Port Clements’ outgoing mayor and council were asked to apologize to village staff at their final public meeting following a dust-up over election rules.
Only one councillor, Brigid Cumming, offered an apology. It was requested by Port Clements resident Teri Kish, who has since been elected councillor.
The issue began in September, when acting mayor Urs Thomas and prospective councillor candidate Gloria O’Brien failed to file proper nomination packages on time.
In Thomas’ case, he asked a friend to file his nomination papers 90 minutes before the Sept. 14 deadline while he was on a bus from Whistler to Vancouver.
Thomas had been on the fence about running again, but said he was inspired after representing the village at the Union of B.C. Municipalities Conference in Whistler.
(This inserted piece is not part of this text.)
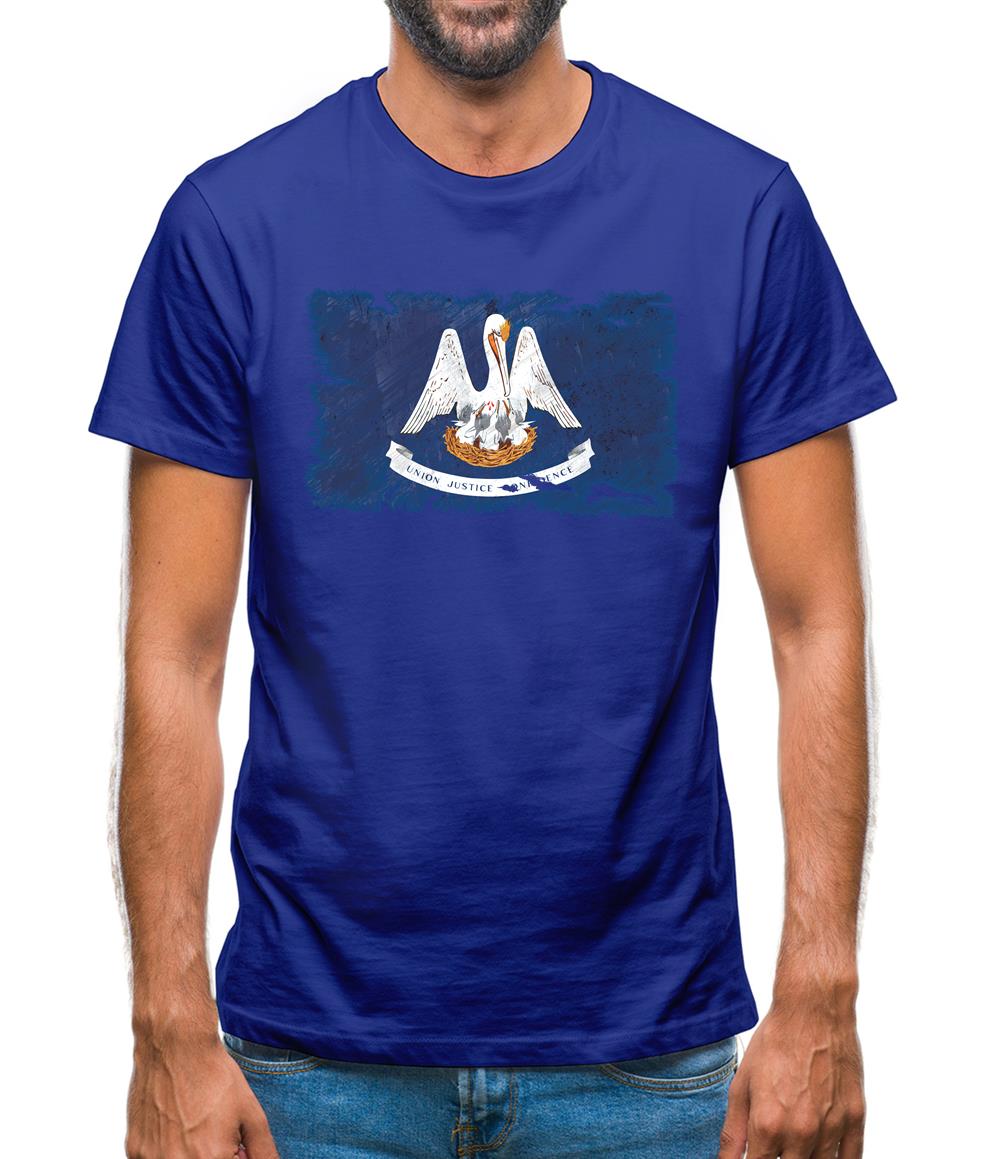 Louisiana Grunge Style Flag Mens T-Shirt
But because Thomas did not have a commissioner or the chief election officer legally witness his solemn declarations, village staff back in Port Clements could not accept his nomination. All prospective candidates are required to make solemn declarations that they have provided true information, they fully intend to join council if elected, they are qualified to run, and they understand the campaign finance rules.
But that was news to Urs Thomas.
“Needless to say, I was a bit shocked and surprised as this was my fourth election and I had never signed the documents in front of an election officer or commissioner the previous three times,” Thomas wrote in a report to village residents.
In O’Brien’s case, she found out too late that one of her two nominees can’t vote in Port Clements elections, which made him ineligible to nominate her.
At the Oct. 1 Port council meeting, then Councillor Charleen O’Brien-Anderson said she heard people in town saying “shifty” things happened during the nomination process, and noted it was the first time the current village staff had handled a local election.
“I think in afterthought, perhaps a period of re-nomination should have happened to take away all doubt from our residents in town that anything nefarious was going on,” O’Brien-Anderson said.
Under B.C.’s local election rules, the nomination period can only be extended if there aren’t enough candidates running for the number of seats — something that happened in Masset this year, but not in Port Clements.
Ruby Decock, the chief administrative officer and chief election officer for Port Clements, said there would have been time to fix all the problems if the everyone had just filed earlier.
Everyone had 10 days to file, Decock said, and a week after that to withdraw. Still, three candidates filed their nomination papers just an hour before the Sept. 14 deadline, when it was too late for them to get a new nominator if they needed one, or to find a legal witness for solemn declarations if they were out of town.
“It was a real stressful time for myself and the deputy clerk,” Decock said, noting that she tried to witness Thomas’ declarations over the phone, but was told by the B.C. attorney general’s office that wasn’t possible.
“I’m sorry,” she said. “I tried, but I can’t bend the rules.”
Doug Daugert, who was acclaimed as mayor of Port Clements, said it was too bad Urs Thomas was unable to run.
“I was hoping Mayor Thomas would run, because then the people would have a choice in Port Clements, which is a good thing,” he said.
“And if I lost, I would be free with no guilty conscience!’
Anyone who would like to run in Port Clements’ next general election can file their nomination package starting at 9 a.m. on Tuesday, Sept. 30, 2022.